- _Problem details_
Repeat the whole listing, keeping every word and every line intact.

- _Data for this exercise_
----
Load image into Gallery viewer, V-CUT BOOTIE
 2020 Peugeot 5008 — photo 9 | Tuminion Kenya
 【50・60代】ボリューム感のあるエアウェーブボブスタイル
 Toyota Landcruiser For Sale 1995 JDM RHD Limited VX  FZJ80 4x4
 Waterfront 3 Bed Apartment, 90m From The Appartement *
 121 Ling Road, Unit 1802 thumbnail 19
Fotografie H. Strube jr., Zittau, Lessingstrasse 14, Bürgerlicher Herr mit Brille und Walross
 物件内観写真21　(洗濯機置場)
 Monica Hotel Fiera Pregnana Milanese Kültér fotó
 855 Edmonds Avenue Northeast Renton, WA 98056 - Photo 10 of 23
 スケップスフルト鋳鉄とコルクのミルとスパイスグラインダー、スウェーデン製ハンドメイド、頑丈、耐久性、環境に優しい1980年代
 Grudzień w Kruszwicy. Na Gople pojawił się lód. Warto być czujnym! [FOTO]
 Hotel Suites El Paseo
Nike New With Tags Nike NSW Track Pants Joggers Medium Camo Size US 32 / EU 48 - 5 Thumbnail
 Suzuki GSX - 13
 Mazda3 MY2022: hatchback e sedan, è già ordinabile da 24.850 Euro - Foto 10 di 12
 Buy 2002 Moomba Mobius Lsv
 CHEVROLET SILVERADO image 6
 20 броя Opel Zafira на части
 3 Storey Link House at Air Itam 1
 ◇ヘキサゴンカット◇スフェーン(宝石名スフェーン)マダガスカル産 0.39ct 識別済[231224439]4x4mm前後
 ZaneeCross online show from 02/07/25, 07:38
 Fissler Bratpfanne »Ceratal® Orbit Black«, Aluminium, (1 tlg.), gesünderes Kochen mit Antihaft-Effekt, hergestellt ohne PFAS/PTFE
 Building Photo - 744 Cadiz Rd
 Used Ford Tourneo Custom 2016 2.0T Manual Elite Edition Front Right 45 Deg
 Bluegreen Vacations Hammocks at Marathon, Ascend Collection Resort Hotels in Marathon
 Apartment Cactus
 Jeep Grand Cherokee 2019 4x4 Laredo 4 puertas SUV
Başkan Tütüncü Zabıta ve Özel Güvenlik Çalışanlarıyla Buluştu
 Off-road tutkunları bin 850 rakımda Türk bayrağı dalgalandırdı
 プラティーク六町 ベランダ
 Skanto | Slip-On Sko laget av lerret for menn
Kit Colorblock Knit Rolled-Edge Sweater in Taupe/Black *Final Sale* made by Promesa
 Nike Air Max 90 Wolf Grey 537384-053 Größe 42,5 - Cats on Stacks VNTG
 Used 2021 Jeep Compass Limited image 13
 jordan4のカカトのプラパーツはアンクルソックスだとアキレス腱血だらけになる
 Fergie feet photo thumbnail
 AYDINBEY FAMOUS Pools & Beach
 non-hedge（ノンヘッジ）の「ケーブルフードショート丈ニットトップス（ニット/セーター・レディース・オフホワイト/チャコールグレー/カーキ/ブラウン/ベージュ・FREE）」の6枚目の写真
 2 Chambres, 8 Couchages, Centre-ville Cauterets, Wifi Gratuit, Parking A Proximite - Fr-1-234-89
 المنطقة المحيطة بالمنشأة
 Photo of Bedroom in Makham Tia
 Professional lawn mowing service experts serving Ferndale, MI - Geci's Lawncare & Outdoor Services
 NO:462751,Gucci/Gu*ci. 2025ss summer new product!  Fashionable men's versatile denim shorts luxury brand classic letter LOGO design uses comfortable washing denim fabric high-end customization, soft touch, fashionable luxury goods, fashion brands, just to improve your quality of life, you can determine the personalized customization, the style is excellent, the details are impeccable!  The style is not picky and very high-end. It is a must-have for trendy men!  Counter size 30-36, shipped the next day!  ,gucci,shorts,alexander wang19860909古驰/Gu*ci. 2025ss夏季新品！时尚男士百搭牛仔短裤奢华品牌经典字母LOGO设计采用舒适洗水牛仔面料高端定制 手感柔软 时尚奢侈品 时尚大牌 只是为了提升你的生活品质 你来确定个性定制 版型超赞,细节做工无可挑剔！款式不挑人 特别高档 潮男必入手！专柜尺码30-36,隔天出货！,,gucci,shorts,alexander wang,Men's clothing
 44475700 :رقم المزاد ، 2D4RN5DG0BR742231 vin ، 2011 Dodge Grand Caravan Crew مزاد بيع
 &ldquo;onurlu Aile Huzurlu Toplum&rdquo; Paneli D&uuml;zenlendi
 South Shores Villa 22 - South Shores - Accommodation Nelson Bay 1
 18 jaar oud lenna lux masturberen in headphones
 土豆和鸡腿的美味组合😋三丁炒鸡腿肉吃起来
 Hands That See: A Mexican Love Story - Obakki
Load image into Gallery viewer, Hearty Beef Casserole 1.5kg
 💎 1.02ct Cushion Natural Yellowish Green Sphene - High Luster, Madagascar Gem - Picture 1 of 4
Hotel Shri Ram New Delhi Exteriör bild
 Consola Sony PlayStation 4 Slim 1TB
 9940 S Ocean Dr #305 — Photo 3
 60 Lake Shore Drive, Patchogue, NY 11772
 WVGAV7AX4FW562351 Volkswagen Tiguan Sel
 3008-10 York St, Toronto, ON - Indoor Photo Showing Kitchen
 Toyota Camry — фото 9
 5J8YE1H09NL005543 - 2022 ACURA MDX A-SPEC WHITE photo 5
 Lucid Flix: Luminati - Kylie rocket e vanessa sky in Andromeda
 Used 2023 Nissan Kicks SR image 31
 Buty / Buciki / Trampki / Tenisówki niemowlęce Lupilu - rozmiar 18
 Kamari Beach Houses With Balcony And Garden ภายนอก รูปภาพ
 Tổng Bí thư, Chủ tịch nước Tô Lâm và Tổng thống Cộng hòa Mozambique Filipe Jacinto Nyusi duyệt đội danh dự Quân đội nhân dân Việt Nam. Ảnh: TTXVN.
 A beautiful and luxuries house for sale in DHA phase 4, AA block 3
----
- _Answer space_
Load image into Gallery viewer, V-CUT BOOTIE
 2020 Peugeot 5008 — photo 9 | Tuminion Kenya
 【50・60代】ボリューム感のあるエアウェーブボブスタイル
 Toyota Landcruiser For Sale 1995 JDM RHD Limited VX  FZJ80 4x4
 Waterfront 3 Bed Apartment, 90m From The Appartement *
 121 Ling Road, Unit 1802 thumbnail 19
Fotografie H. Strube jr., Zittau, Lessingstrasse 14, Bürgerlicher Herr mit Brille und Walross
 物件内観写真21　(洗濯機置場)
 Monica Hotel Fiera Pregnana Milanese Kültér fotó
 855 Edmonds Avenue Northeast Renton, WA 98056 - Photo 10 of 23
 スケップスフルト鋳鉄とコルクのミルとスパイスグラインダー、スウェーデン製ハンドメイド、頑丈、耐久性、環境に優しい1980年代
 Grudzień w Kruszwicy. Na Gople pojawił się lód. Warto być czujnym! [FOTO]
 Hotel Suites El Paseo
Nike New With Tags Nike NSW Track Pants Joggers Medium Camo Size US 32 / EU 48 - 5 Thumbnail
 Suzuki GSX - 13
 Mazda3 MY2022: hatchback e sedan, è già ordinabile da 24.850 Euro - Foto 10 di 12
 Buy 2002 Moomba Mobius Lsv
 CHEVROLET SILVERADO image 6
 20 броя Opel Zafira на части
 3 Storey Link House at Air Itam 1
 ◇ヘキサゴンカット◇スフェーン(宝石名スフェーン)マダガスカル産 0.39ct 識別済[231224439]4x4mm前後
 ZaneeCross online show from 02/07/25, 07:38
 Fissler Bratpfanne »Ceratal® Orbit Black«, Aluminium, (1 tlg.), gesünderes Kochen mit Antihaft-Effekt, hergestellt ohne PFAS/PTFE
 Building Photo - 744 Cadiz Rd
 Used Ford Tourneo Custom 2016 2.0T Manual Elite Edition Front Right 45 Deg
 Bluegreen Vacations Hammocks at Marathon, Ascend Collection Resort Hotels in Marathon
 Apartment Cactus
 Jeep Grand Cherokee 2019 4x4 Laredo 4 puertas SUV
Başkan Tütüncü Zabıta ve Özel Güvenlik Çalışanlarıyla Buluştu
 Off-road tutkunları bin 850 rakımda Türk bayrağı dalgalandırdı
 プラティーク六町 ベランダ
 Skanto | Slip-On Sko laget av lerret for menn
Kit Colorblock Knit Rolled-Edge Sweater in Taupe/Black *Final Sale* made by Promesa
 Nike Air Max 90 Wolf Grey 537384-053 Größe 42,5 - Cats on Stacks VNTG
 Used 2021 Jeep Compass Limited image 13
 jordan4のカカトのプラパーツはアンクルソックスだとアキレス腱血だらけになる
 Fergie feet photo thumbnail
 AYDINBEY FAMOUS Pools & Beach
 non-hedge（ノンヘッジ）の「ケーブルフードショート丈ニットトップス（ニット/セーター・レディース・オフホワイト/チャコールグレー/カーキ/ブラウン/ベージュ・FREE）」の6枚目の写真
 2 Chambres, 8 Couchages, Centre-ville Cauterets, Wifi Gratuit, Parking A Proximite - Fr-1-234-89
 المنطقة المحيطة بالمنشأة
 Photo of Bedroom in Makham Tia
 Professional lawn mowing service experts serving Ferndale, MI - Geci's Lawncare & Outdoor Services
 NO:462751,Gucci/Gu*ci. 2025ss summer new product!  Fashionable men's versatile denim shorts luxury brand classic letter LOGO design uses comfortable washing denim fabric high-end customization, soft touch, fashionable luxury goods, fashion brands, just to improve your quality of life, you can determine the personalized customization, the style is excellent, the details are impeccable!  The style is not picky and very high-end. It is a must-have for trendy men!  Counter size 30-36, shipped the next day!  ,gucci,shorts,alexander wang19860909古驰/Gu*ci. 2025ss夏季新品！时尚男士百搭牛仔短裤奢华品牌经典字母LOGO设计采用舒适洗水牛仔面料高端定制 手感柔软 时尚奢侈品 时尚大牌 只是为了提升你的生活品质 你来确定个性定制 版型超赞,细节做工无可挑剔！款式不挑人 特别高档 潮男必入手！专柜尺码30-36,隔天出货！,,gucci,shorts,alexander wang,Men's clothing
 44475700 :رقم المزاد ، 2D4RN5DG0BR742231 vin ، 2011 Dodge Grand Caravan Crew مزاد بيع
 &ldquo;onurlu Aile Huzurlu Toplum&rdquo; Paneli D&uuml;zenlendi
 South Shores Villa 22 - South Shores - Accommodation Nelson Bay 1
 18 jaar oud lenna lux masturberen in headphones
 土豆和鸡腿的美味组合😋三丁炒鸡腿肉吃起来
 Hands That See: A Mexican Love Story - Obakki
Load image into Gallery viewer, Hearty Beef Casserole 1.5kg
 💎 1.02ct Cushion Natural Yellowish Green Sphene - High Luster, Madagascar Gem - Picture 1 of 4
Hotel Shri Ram New Delhi Exteriör bild
 Consola Sony PlayStation 4 Slim 1TB
 9940 S Ocean Dr #305 — Photo 3
 60 Lake Shore Drive, Patchogue, NY 11772
 WVGAV7AX4FW562351 Volkswagen Tiguan Sel
 3008-10 York St, Toronto, ON - Indoor Photo Showing Kitchen
 Toyota Camry — фото 9
 5J8YE1H09NL005543 - 2022 ACURA MDX A-SPEC WHITE photo 5
 Lucid Flix: Luminati - Kylie rocket e vanessa sky in Andromeda
 Used 2023 Nissan Kicks SR image 31
 Buty / Buciki / Trampki / Tenisówki niemowlęce Lupilu - rozmiar 18
 Kamari Beach Houses With Balcony And Garden ภายนอก รูปภาพ
 Tổng Bí thư, Chủ tịch nước Tô Lâm và Tổng thống Cộng hòa Mozambique Filipe Jacinto Nyusi duyệt đội danh dự Quân đội nhân dân Việt Nam. Ảnh: TTXVN.
 A beautiful and luxuries house for sale in DHA phase 4, AA block 3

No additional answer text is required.